Bagi masyarakat disekitar organisasi berada, berusaha untuk menuntut manfaat yang bisa diperoleh masyarakat dengan keberadaan suatu organisasi tersebut. Seorang manajer harus bisa menyeimbangkan tuntutan masyarakat tersebut dengan jalannya organisasinya.
Bagi pesaing, organisasi harus mampu bersaing secara sehat dengan organisasi lainnya untuk mempertahankan hidupnya.
Etika bisa ditafsirkan sebagai hak dan kewajiban seseorang mengenai aturan moral yang digunakan sebagai dasar pengambilan keputusan dan menjalin hubungan dengan orang lain. Moral dalam hal ini berarti mempunyai pengertian baik dan buruk.

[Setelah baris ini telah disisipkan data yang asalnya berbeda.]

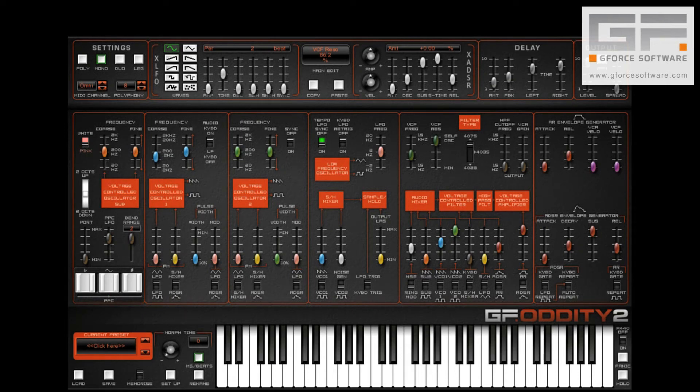I have to be honest here and say that this is one of my favourite things on both Odyssey and Odyssey 2. It's simple but effective and makes it one of the funkiest instruments on the planet in my opinion.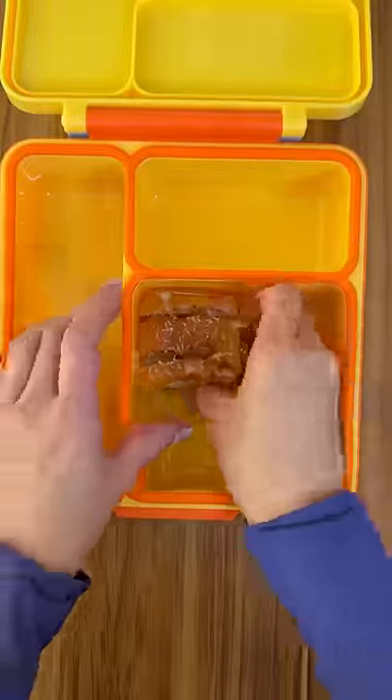Look how good this looks — so easy and delicious. Just let it cool down before eating it. Don't be like me. I'm going to add this into their lunch box.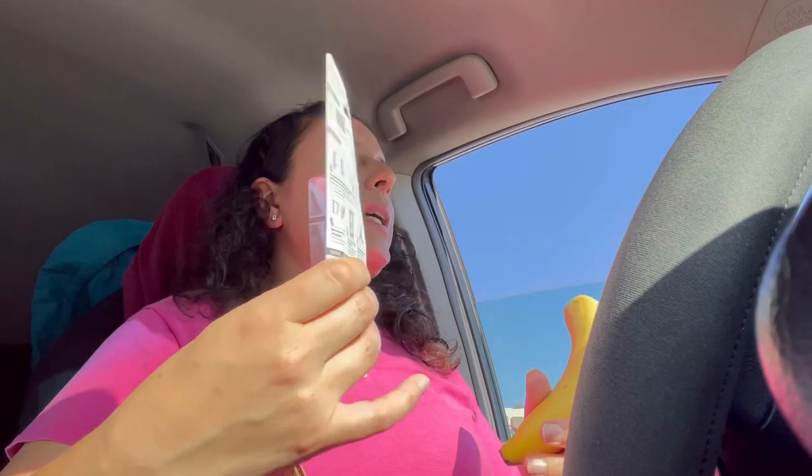How are you guys doing today? I've just got out of the gym. My hair is all wet — it's not fluffy and puffy yet. I'm hungry, so I'm gonna have a banana before I get to experimenting with the command hooks.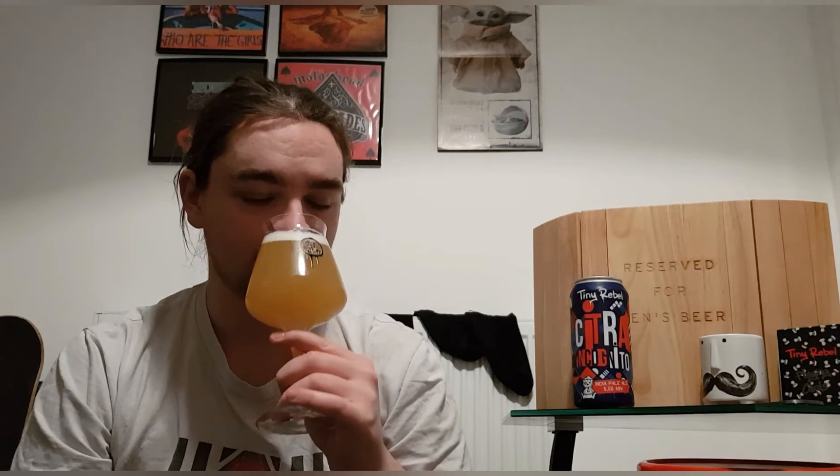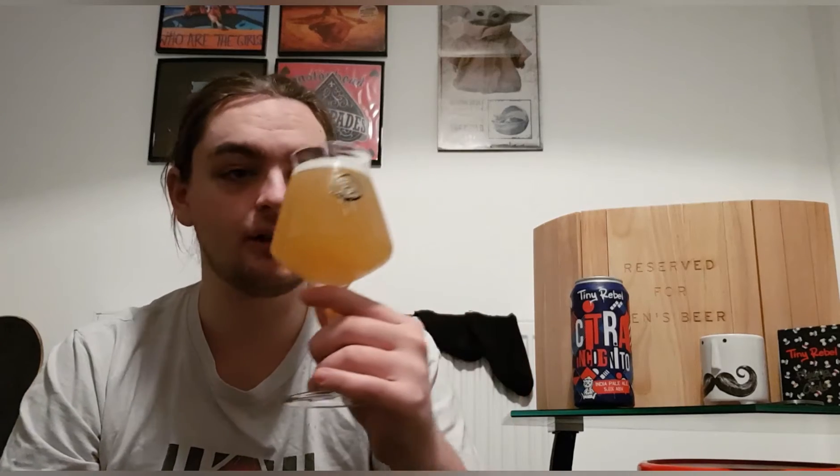Let's get a smell and see what we get. Passion fruit right on the nose, a bit of mango, citrus, grapefruit, orange. There's a hint of pineapple in there but not too over the top. All those other flavors are quite strong — it smells really lovely.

Suatu perbuatan dikatakan etis apabila sesuai atau tidak bertentangan dengan norma yang ada dalam masyarakat, dan dikatakan tidak etis apabila bertentangan atau tidak sesuai dengan norma yang ada dalam masyarakat.

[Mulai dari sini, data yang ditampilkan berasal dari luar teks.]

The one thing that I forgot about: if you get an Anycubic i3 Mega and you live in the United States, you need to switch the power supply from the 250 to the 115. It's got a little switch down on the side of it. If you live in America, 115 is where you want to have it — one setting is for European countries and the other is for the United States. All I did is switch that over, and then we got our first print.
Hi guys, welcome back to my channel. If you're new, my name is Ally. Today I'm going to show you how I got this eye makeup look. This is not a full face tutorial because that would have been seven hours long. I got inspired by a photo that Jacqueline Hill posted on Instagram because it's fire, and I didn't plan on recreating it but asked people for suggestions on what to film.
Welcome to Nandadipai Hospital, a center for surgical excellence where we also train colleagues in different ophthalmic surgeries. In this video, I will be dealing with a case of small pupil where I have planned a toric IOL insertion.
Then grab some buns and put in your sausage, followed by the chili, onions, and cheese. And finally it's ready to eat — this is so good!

2. Pembentukan Nilai Etika
Etika dari seorang individu terbentuk atau dipengaruhi oleh beberapa hal antara lain : keluarga, faktor situasi, nilai, moral, agama, pengalaman, dan pengaruh teman.
(1) Pengaruh Keluarga
Keluarga merupakan tempat tumbuh dan berkembangnya seorang individu, oleh karena itu keluarga mempunyai pengaruh yang besar dalam pembentukan etika seorang individu. Keluarga akan selalu berusaha untuk mengajarkan etika yang berlaku di dalam keluarga tersebut kepada anak-anaknya dan diharapkan nilai etika tersebut akan berlaku sampai seorang individu itu besar.
(2) Pengaruh Faktor Situasional
Situasi bisa menentukan etika individu. Misalkan seseorang melakukan pencurian, hal tersebut sudah melanggar norma dan etika yang ada. Tapi ketika kita mengetahui bahwa pencuri itu orang yang tidak punya dan alasan dia mencuri untuk mengobati anaknya yang sakit, mungkin kita bisa menerima alasan tersebut dan memaafkannya.

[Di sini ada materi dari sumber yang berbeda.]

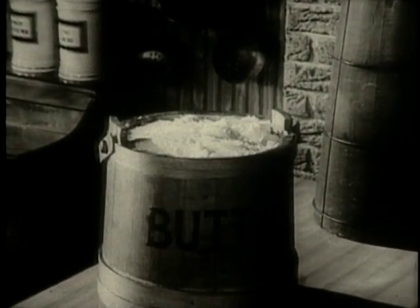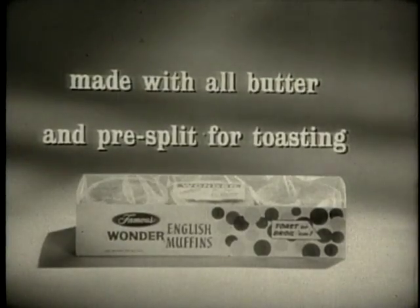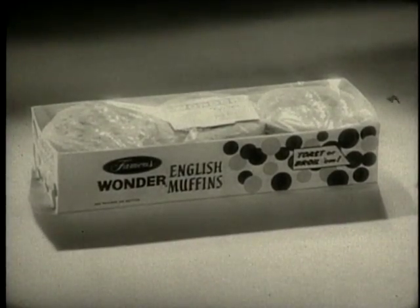Try Wonder English muffins made by the famous Wonder Bakers — made with all butter for finer flavor, and pre-split for toasting for a special breakfast treat. Get delicious Wonder English muffins for your family today.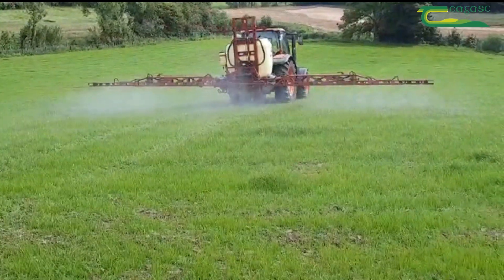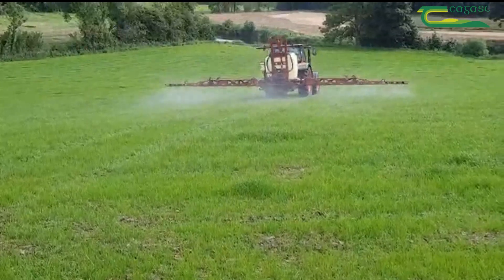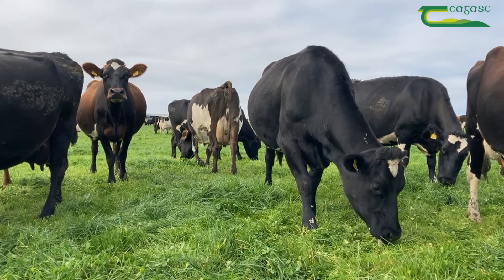The grass-clover swards got Clover Max and we used Pasta Trio on the grass-only swards. They'll be ready for grazing towards the end of this week or early next week. After that, the main thing is to keep grazing them fairly regularly — usually between a 12 and 14 day rotation, coming in fairly regular.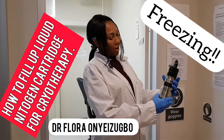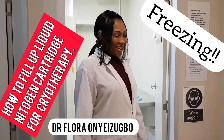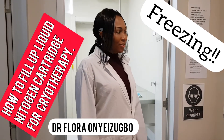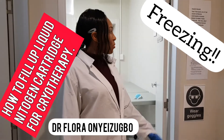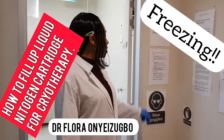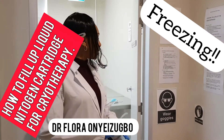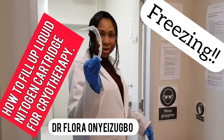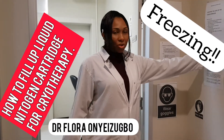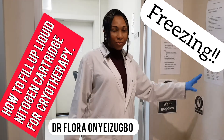This is the cryobottle and this is the cup. Now it's time to fill up the liquid nitrogen. In most clinics, you would have instructions on safety measures for filling up liquid nitrogen, because it's a gas and it can be dangerous if it gets into certain parts of the body. One of them is wearing your goggles, wearing your gloves, and also reading any instructions on the wall.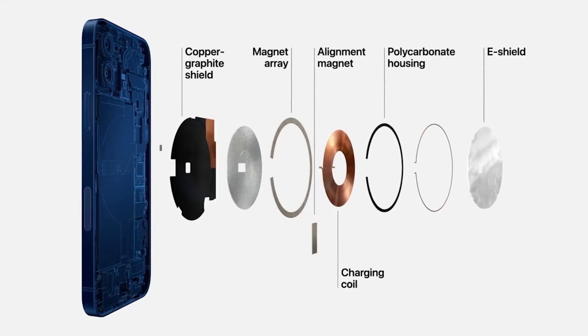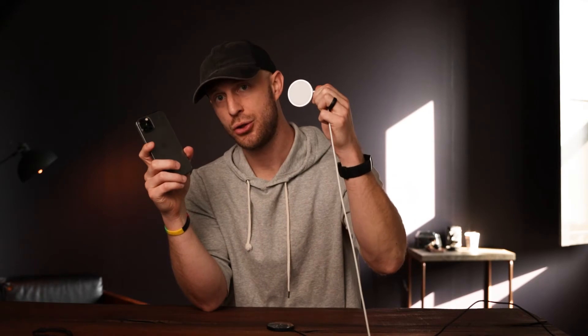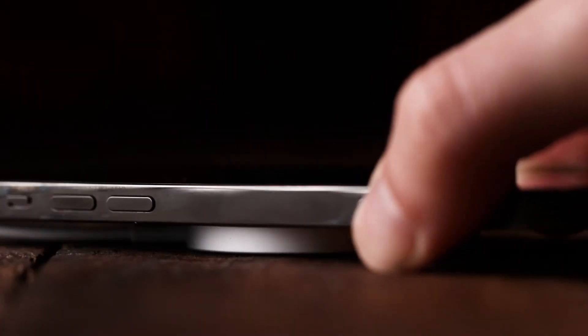Each of those phones came with magnets inside. So when you have a 12 without a case and a MagSafe wireless charger, it snaps right into place without any issues. When you walk away from your phone, you can confidently assume that your phone is actually charging.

(3) Nilai, moral, dan agama
Nilai, moral dan agama sangat berpengaruh terhadap pembentukan etika seseorang. Seseorang dengan nilai, moral dan pemahaman agama yang tinggi akan mempunyai etika yang tinggi pula. Contoh seorang manajer yang mengutamakan nilai keagamaan dia akan berusaha untuk tidak memberhentikan karyawannya meskipun kondisi perusahaan dalam keadaan sulit.
(4) Pengalaman hidup
Manusia dalam hidupnya pasti mempunyai banyak pengalaman, baik pengalaman buruk ataupun pengalaman baik. Pengalaman tersebut merupakan proses yang berpengaruh terhadap pembentukan etika seseorang. Jika seseorang lebih banyak mempunyai pengalaman buruk dan itu berpengaruh pada pembentukan etika pada orang tersebut.
(5) Pengaruh teman
Teman juga mempunyai pengaruh yang tidak kecil terhadap pembentukan etika seseorang. Jika anak lebih banyak bergaul dengan teman-teman sebaya yang nakal, kecenderungan anak tersebut akan menjadi nakal pula. Sebaliknya jika seorang anak tumbuh dengan teman-teman sebaya yang mempunyai etika yang baik maka anak tersebut akan mempunyai etika yang baik pula.
3. Etika Dalam Organisasi
Etika dalam suatu organisasi sebagai akibat hubungan antara organisasi dengan pihak-pihak eksternal maupun internal organisasi. Tiga macam wilayah etika dalam organisasi dapat dilihat pada tabel berikut:
Tabel Wilayah Etika dalam Organisasi
Wilayah Perhatian | Contoh Isu yang relevan |
Hubungan organisasi dengan karyawan | Penarikan tenaga kerja, penggajian dan pemberhentian kerja Kondisi kerja Kebebasan pribadi |
Hubungan karyawan dengan organisasi | Konflik kepentingan Kerahasiaan organisasi Kejujuran |
Hubungan organisasi dengan pihak luar | Pelanggan/konsumen Pesaing Pemegang saham Pemasok Pemerintah Masyarakat sekitar |
Hubungan karyawan dengan organisasi meliputi beberapa hal, konflik kepentingan, kerahasiaan organisasi dan kejujuran. Adalah suatu hal yang tidak etis apabila seorang manajer pindah ke perusahaan lain kemudian dia membocorkan rahasia perusahaannya yang lama.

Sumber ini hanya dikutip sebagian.